With the revival of trade in the 14th century, merchants and craftsmen experienced newfound prosperity. To protect their interests, trades with common interests banded together and formed guilds which then adopted symbols indicative of their common bond. Schools and universities did likewise. The group's symbol became that of the individual and inherent in the symbol were the concepts of exclusivity, prestige, protection, fidelity, training and standards.
The fact that American nursing chose to follow the medieval identification practice is interesting, particularly in light of the fact that 19th century nurses were rebuked for wearing any type of ornamentation on or with their uniforms. Perhaps precedent and approval he with the brooch that Queen Victoria presented to Florence Nightingale in 1855. The specially designed gold and enamel brooch, presented to show personal esteem and gratitude for Nightingale's work during the Crimean War, resembled a decorative regimental badge. The shape, colors and emblems on that badge gave special testimony to Nightingale's allegiance, character, purpose and inspiration.
A more plausible explanation for modern day nursing's adoption of a school of nursing pin is tied to the tenets of guilds. Like the emblems that identified members of a specific guild, the distinctive caps and uniforms worn by early trained nurses initially provided adequate outward confirmation that they were indeed trained. Before long, however, the public's growing recognition of the worthiness of nurses, but its ignorance of what constituted legitimate nurse's training for that time period, inadvertently allowed some unscrupulous individuals to imitate the trained nurses' demeanor and attire.

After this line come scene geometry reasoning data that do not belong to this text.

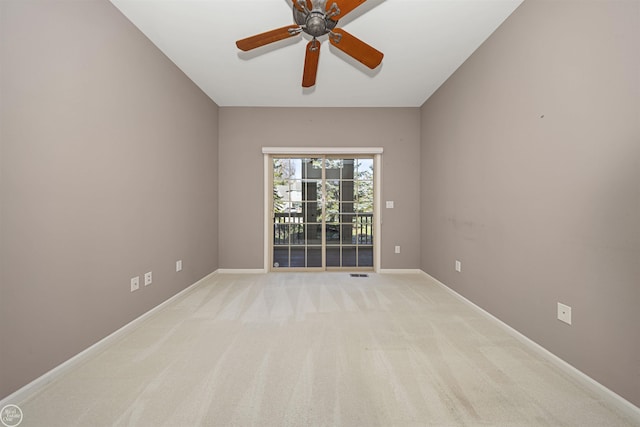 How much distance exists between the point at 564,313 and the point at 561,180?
0.87m

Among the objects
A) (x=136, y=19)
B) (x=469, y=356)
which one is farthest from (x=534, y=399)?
(x=136, y=19)

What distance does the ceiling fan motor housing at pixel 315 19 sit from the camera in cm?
155

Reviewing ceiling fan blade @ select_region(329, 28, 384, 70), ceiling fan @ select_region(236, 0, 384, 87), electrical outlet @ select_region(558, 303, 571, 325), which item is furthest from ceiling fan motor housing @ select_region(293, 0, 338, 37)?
electrical outlet @ select_region(558, 303, 571, 325)

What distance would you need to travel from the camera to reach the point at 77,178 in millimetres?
1658

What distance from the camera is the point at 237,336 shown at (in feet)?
6.57

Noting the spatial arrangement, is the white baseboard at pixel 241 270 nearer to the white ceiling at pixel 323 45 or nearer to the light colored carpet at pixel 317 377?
the light colored carpet at pixel 317 377

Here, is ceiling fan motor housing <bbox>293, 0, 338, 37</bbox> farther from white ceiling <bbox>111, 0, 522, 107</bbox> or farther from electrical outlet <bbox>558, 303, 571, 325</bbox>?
electrical outlet <bbox>558, 303, 571, 325</bbox>

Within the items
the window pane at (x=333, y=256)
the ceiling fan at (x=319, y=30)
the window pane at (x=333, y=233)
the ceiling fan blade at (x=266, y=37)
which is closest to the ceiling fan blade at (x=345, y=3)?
the ceiling fan at (x=319, y=30)

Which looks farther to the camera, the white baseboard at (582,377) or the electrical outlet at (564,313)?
the electrical outlet at (564,313)

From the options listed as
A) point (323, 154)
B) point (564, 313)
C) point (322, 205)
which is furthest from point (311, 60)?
point (564, 313)

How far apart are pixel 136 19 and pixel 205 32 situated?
541 mm

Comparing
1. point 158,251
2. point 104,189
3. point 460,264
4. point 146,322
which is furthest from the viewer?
point 460,264

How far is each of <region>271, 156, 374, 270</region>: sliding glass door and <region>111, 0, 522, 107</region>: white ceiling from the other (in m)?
1.00

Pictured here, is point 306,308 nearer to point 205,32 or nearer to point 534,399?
point 534,399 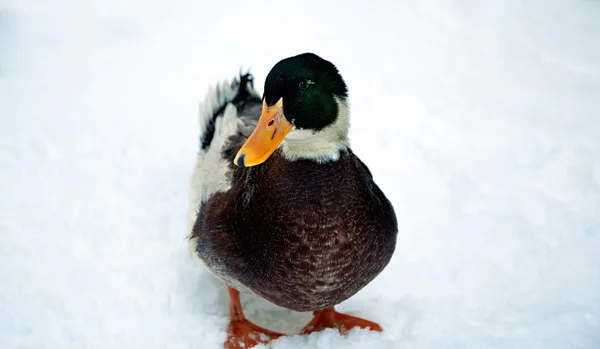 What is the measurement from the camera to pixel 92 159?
4.00m

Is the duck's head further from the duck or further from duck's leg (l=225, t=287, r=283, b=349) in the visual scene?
duck's leg (l=225, t=287, r=283, b=349)

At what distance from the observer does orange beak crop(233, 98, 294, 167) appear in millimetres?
2229

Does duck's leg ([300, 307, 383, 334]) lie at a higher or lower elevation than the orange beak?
lower

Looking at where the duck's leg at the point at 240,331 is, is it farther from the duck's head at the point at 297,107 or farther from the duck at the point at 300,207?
the duck's head at the point at 297,107

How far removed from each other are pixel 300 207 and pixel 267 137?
1.06 feet

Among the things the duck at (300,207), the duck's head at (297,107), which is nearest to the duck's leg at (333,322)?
the duck at (300,207)

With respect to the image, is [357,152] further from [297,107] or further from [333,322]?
[297,107]

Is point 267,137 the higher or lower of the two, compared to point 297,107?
lower

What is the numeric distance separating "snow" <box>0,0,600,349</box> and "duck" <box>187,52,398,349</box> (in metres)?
0.57

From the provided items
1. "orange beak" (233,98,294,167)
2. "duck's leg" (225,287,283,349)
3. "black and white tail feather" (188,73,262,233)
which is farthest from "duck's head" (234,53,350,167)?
"duck's leg" (225,287,283,349)

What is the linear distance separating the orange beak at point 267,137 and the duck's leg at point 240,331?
3.67 feet

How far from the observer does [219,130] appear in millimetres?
3496

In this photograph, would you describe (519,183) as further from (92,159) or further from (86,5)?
(86,5)

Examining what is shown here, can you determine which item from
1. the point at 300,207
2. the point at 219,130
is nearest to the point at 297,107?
the point at 300,207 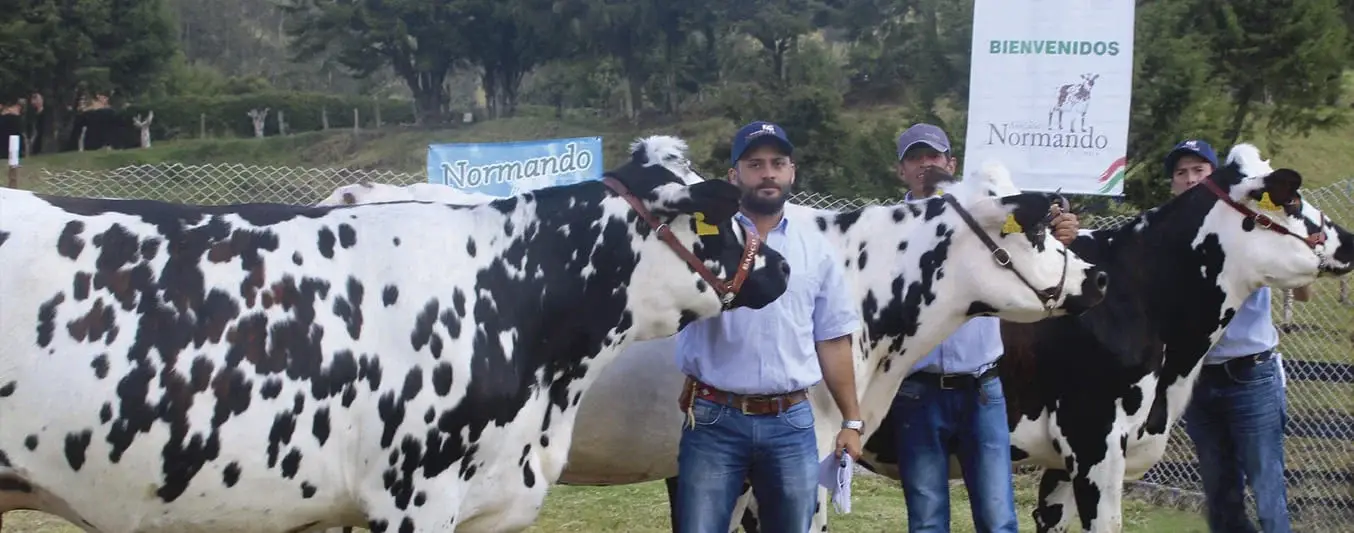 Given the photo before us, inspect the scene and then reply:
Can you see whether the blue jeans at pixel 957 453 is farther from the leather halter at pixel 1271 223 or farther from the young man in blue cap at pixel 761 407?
the leather halter at pixel 1271 223

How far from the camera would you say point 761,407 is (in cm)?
438

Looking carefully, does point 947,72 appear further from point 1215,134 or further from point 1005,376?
point 1005,376

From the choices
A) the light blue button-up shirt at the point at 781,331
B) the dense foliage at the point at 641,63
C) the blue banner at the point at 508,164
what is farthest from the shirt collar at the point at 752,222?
the dense foliage at the point at 641,63

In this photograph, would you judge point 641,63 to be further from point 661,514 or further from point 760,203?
point 760,203

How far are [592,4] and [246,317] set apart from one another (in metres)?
39.7

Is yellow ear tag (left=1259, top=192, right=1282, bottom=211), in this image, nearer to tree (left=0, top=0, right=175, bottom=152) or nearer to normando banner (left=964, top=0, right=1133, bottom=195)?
normando banner (left=964, top=0, right=1133, bottom=195)

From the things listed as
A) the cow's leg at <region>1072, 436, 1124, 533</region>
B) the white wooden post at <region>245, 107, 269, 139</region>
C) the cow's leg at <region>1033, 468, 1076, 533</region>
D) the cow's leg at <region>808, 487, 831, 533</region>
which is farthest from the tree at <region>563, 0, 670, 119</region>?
the cow's leg at <region>808, 487, 831, 533</region>

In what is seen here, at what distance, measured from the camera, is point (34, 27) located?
3728cm

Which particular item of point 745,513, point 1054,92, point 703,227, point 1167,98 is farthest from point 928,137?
point 1167,98

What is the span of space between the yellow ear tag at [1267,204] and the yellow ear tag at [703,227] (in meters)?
3.14

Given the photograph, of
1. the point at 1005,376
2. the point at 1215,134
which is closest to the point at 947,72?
the point at 1215,134

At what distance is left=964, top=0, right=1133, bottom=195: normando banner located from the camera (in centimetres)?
878

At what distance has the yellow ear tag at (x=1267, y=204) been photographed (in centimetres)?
606

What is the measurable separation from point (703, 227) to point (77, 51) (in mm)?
40000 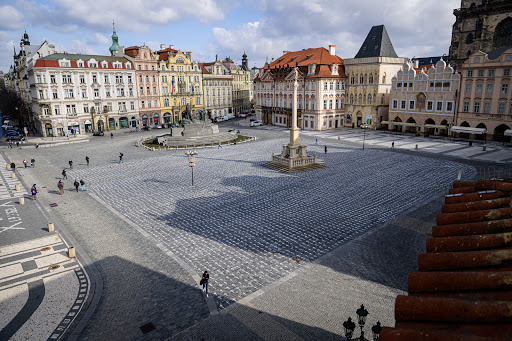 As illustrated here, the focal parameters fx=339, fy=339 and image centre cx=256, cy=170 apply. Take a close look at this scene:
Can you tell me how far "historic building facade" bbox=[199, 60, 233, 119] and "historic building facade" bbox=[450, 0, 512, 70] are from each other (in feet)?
190

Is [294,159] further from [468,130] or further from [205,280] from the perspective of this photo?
[468,130]

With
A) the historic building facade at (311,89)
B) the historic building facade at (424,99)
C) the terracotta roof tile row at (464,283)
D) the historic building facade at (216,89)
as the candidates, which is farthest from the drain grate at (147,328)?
the historic building facade at (216,89)

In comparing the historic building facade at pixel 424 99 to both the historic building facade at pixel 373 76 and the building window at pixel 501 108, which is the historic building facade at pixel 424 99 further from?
the building window at pixel 501 108

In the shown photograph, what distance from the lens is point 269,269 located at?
60.1ft

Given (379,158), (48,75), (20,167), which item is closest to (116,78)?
(48,75)

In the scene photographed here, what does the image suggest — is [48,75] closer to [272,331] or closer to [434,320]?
[272,331]

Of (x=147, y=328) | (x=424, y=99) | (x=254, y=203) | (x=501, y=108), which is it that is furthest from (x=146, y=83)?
(x=147, y=328)

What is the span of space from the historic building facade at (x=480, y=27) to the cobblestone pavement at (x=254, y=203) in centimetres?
4647

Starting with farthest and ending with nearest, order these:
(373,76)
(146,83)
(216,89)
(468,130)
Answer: (216,89) < (146,83) < (373,76) < (468,130)

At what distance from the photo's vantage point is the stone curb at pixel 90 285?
13891 millimetres

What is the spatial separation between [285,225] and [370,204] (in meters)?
8.46

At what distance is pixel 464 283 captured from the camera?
6.61 meters

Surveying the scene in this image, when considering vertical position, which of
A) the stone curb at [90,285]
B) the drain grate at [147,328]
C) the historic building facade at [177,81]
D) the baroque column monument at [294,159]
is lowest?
the drain grate at [147,328]

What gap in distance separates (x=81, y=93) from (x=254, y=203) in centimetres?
5739
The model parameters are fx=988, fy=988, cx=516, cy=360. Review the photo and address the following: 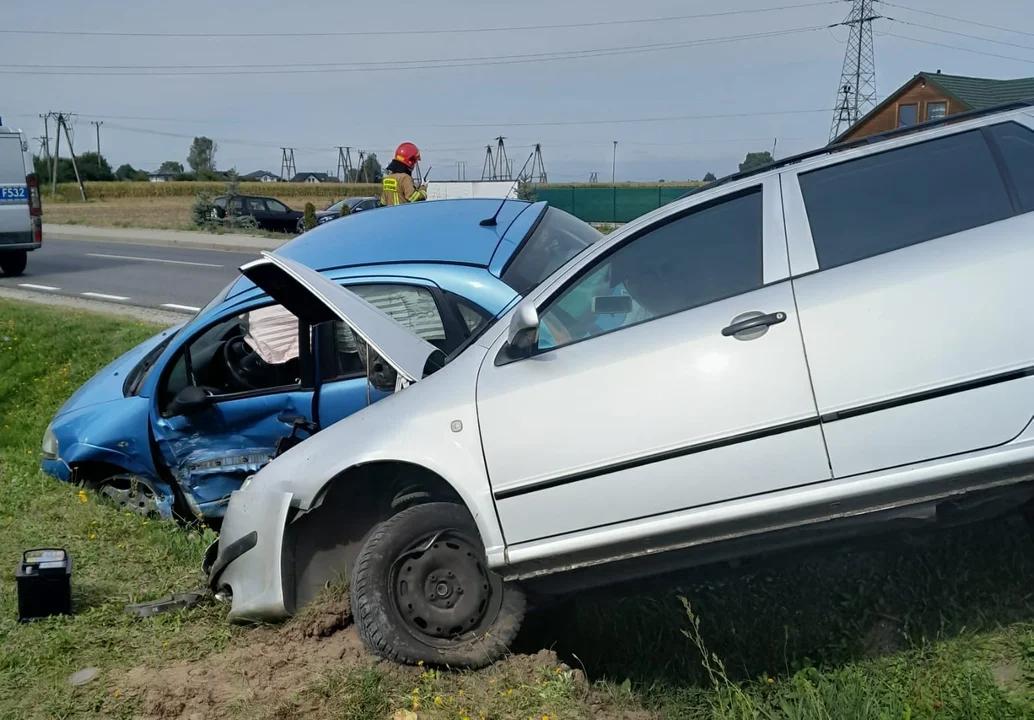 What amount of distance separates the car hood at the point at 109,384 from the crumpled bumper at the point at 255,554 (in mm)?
2078

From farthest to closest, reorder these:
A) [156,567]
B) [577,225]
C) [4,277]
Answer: [4,277]
[577,225]
[156,567]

Disturbed by the imposters' infringement and exploitation, some graduating classes of trained nurses took matters into their own hands; they designed and adopted "class pins" to wear on their uniform.
While the adoption of class pins was an attempt to thwart deception by others and to differentiate competent from incompetent practitioners, the wide variations in the pins from class to class in a single school ultimately negated the intended purpose. To overcome that limitation, the administrators of schools of nursing began awarding their graduates an official and distinctive pin that uniquely represented their institution. Commonly the pins were also engraved on the reverse side with the graduate's name and date of graduation. In some cases the pins were gifts from the school's Board of Managers; other times the graduates purchased them from the school.
The earliest known U.S. school of nursing pin was designed for the Bellevue Hospital Training School in New York by Tiffany and Company. First awarded in 1880, seven years after the school was founded, it was given to the Bellevue graduates by the Board of Women Managers "to preserve the identity and uphold the standing of the school" . . . and to be a "mark of character as well as achievement" (Bellevue, 1923, n.p.).
In 1882, the Board of Governors of the New York Hospital Training School for Nurses stated their opinion on the matter of nursing pins in the following manner:
. . . It is desirable that a badge should be worn by the graduates of the school while in service as identifying them with the hospital school more conspicuously than their diploma, as a proper stimulus to their ambition, and as a protection against a practice Which has grown up and will naturally increase among certain young women who have been more or less connected with the school, of passing themselves off and obtaining employment as graduate nurses (Jordon, 1953, p.28).
Wearing an authorized school of nursing pin had further significance. The pins were one of the earliest visible signs of the evolving movement toward legal regulation of nurses. (It was not until 1903, however, that the first four states (North Carolina, New Jersey, New York, and Virginia) passed nurse registration legislation. Connecticut enacted a nurse registration law in 1905.)